___ GIVEN ENTRIES ___
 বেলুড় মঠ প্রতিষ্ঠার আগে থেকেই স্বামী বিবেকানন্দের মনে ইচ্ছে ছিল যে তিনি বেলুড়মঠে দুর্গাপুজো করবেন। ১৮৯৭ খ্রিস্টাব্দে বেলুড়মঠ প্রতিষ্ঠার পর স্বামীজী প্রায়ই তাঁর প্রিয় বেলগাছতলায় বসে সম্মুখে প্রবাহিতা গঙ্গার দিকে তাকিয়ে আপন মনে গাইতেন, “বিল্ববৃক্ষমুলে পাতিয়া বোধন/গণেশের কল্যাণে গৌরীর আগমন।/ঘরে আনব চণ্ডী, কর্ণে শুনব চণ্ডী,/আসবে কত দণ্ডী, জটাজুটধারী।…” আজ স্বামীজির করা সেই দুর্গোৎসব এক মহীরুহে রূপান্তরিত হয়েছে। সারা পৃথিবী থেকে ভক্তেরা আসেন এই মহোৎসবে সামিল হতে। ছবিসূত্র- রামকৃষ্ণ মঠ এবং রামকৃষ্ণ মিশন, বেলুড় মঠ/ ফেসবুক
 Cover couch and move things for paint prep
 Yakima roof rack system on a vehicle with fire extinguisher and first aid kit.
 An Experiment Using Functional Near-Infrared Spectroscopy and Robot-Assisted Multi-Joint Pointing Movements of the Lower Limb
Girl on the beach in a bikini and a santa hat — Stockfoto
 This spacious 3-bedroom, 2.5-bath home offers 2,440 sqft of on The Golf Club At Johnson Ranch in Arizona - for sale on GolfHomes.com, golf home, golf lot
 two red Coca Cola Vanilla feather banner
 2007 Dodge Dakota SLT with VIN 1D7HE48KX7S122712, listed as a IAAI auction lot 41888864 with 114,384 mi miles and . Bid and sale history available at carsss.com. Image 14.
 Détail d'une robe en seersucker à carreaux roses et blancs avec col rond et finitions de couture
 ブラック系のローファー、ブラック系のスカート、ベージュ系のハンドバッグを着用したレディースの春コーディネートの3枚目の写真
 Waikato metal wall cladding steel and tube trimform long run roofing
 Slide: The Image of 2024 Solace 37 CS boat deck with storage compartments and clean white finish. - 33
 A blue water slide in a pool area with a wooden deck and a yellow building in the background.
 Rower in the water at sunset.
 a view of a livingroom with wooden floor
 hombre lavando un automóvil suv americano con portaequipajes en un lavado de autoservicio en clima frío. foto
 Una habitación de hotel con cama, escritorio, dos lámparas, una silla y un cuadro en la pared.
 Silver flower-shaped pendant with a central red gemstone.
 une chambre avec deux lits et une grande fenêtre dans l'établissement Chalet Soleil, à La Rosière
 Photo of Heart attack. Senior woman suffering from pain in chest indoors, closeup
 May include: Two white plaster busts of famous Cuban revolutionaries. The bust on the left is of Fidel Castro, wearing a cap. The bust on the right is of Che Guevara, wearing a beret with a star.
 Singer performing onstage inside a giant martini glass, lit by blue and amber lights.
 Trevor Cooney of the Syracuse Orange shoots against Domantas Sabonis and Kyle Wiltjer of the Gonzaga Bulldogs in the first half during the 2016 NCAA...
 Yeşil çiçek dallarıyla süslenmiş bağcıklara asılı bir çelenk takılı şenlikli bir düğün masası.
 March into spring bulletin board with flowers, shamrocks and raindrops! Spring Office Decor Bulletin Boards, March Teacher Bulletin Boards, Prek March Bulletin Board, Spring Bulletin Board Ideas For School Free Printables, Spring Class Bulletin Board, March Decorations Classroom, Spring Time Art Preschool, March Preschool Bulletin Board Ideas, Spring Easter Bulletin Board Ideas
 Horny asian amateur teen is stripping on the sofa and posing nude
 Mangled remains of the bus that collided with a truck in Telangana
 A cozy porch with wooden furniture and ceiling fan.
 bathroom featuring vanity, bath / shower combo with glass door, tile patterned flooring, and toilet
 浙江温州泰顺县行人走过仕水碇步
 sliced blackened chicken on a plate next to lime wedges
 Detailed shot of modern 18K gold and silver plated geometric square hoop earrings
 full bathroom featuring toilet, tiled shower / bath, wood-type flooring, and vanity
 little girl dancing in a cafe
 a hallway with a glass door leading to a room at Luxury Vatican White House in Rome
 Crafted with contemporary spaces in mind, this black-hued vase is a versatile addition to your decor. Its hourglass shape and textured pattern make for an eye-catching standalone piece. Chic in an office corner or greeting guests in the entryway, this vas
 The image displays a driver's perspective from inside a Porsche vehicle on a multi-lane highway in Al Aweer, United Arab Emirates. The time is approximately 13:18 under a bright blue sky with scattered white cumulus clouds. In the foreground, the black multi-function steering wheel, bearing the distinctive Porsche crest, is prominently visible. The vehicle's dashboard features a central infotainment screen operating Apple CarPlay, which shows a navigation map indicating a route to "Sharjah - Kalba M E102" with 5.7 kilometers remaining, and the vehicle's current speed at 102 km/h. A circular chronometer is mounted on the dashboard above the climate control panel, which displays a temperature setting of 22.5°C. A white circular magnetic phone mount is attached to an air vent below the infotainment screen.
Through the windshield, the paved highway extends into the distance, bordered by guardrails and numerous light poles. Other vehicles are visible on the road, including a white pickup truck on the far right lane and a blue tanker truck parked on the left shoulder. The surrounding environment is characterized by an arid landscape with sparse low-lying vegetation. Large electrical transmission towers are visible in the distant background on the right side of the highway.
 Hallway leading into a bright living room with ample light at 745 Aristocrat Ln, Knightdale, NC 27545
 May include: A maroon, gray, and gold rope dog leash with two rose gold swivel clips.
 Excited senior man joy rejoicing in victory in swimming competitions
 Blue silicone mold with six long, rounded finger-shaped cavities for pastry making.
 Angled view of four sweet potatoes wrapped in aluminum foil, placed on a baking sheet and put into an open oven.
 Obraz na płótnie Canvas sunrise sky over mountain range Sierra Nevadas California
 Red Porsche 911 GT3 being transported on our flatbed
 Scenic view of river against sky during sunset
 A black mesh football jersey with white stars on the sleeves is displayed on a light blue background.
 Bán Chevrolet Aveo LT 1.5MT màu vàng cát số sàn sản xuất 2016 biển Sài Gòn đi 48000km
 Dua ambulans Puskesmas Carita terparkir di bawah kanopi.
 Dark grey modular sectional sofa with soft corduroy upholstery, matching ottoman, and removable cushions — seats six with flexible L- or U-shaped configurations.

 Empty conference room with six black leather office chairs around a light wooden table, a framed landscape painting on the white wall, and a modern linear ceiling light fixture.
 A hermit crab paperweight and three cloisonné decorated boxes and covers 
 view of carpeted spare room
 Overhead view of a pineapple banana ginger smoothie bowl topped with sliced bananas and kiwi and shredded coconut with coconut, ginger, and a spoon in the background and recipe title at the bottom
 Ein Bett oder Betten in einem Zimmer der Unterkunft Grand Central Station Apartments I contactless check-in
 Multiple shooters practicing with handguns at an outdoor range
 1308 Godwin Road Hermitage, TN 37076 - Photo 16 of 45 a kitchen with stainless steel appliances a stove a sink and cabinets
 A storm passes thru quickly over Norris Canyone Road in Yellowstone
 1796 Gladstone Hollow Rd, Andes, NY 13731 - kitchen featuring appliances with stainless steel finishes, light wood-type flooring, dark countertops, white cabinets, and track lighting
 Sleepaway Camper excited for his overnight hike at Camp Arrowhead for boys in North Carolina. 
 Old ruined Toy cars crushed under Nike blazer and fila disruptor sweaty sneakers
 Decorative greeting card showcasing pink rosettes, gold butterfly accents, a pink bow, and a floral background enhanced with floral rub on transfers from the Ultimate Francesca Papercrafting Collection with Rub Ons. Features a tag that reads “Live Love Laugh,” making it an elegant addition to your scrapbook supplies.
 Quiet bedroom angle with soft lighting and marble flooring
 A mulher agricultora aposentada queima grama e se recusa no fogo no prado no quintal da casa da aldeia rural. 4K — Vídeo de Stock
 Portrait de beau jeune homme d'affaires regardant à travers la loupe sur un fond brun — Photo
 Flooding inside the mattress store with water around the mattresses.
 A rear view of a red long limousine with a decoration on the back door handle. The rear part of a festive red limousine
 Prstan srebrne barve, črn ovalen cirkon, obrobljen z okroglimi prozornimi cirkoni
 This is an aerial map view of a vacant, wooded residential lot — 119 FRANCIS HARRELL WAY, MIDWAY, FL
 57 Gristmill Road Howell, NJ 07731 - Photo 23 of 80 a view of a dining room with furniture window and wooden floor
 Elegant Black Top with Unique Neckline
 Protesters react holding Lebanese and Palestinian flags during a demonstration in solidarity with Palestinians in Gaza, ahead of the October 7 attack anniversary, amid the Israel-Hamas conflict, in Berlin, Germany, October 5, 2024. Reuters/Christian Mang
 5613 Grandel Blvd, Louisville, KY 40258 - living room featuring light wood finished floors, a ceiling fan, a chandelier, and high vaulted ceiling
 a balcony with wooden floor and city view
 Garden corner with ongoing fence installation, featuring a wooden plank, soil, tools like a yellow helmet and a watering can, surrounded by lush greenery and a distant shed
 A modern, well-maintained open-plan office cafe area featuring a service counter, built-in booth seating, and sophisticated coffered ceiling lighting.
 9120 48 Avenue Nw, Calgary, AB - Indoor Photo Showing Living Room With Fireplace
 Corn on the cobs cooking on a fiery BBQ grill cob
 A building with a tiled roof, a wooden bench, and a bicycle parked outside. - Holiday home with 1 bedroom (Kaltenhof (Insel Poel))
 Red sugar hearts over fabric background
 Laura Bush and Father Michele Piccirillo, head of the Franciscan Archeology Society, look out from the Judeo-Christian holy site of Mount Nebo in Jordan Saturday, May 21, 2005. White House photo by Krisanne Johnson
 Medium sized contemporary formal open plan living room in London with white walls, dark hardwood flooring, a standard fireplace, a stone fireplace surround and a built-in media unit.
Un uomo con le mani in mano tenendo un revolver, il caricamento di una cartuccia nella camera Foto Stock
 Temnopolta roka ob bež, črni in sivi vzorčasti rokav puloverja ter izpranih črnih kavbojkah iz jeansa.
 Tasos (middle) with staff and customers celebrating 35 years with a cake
___
## EXERCISE
Give back the records word for word. Start at the first line, end at the line containing "two red Coca Cola Vanilla feather banner", and include both.

## RESULT OF THIS TASK
 বেলুড় মঠ প্রতিষ্ঠার আগে থেকেই স্বামী বিবেকানন্দের মনে ইচ্ছে ছিল যে তিনি বেলুড়মঠে দুর্গাপুজো করবেন। ১৮৯৭ খ্রিস্টাব্দে বেলুড়মঠ প্রতিষ্ঠার পর স্বামীজী প্রায়ই তাঁর প্রিয় বেলগাছতলায় বসে সম্মুখে প্রবাহিতা গঙ্গার দিকে তাকিয়ে আপন মনে গাইতেন, “বিল্ববৃক্ষমুলে পাতিয়া বোধন/গণেশের কল্যাণে গৌরীর আগমন।/ঘরে আনব চণ্ডী, কর্ণে শুনব চণ্ডী,/আসবে কত দণ্ডী, জটাজুটধারী।…” আজ স্বামীজির করা সেই দুর্গোৎসব এক মহীরুহে রূপান্তরিত হয়েছে। সারা পৃথিবী থেকে ভক্তেরা আসেন এই মহোৎসবে সামিল হতে। ছবিসূত্র- রামকৃষ্ণ মঠ এবং রামকৃষ্ণ মিশন, বেলুড় মঠ/ ফেসবুক
 Cover couch and move things for paint prep
 Yakima roof rack system on a vehicle with fire extinguisher and first aid kit.
 An Experiment Using Functional Near-Infrared Spectroscopy and Robot-Assisted Multi-Joint Pointing Movements of the Lower Limb
Girl on the beach in a bikini and a santa hat — Stockfoto
 This spacious 3-bedroom, 2.5-bath home offers 2,440 sqft of on The Golf Club At Johnson Ranch in Arizona - for sale on GolfHomes.com, golf home, golf lot
 two red Coca Cola Vanilla feather banner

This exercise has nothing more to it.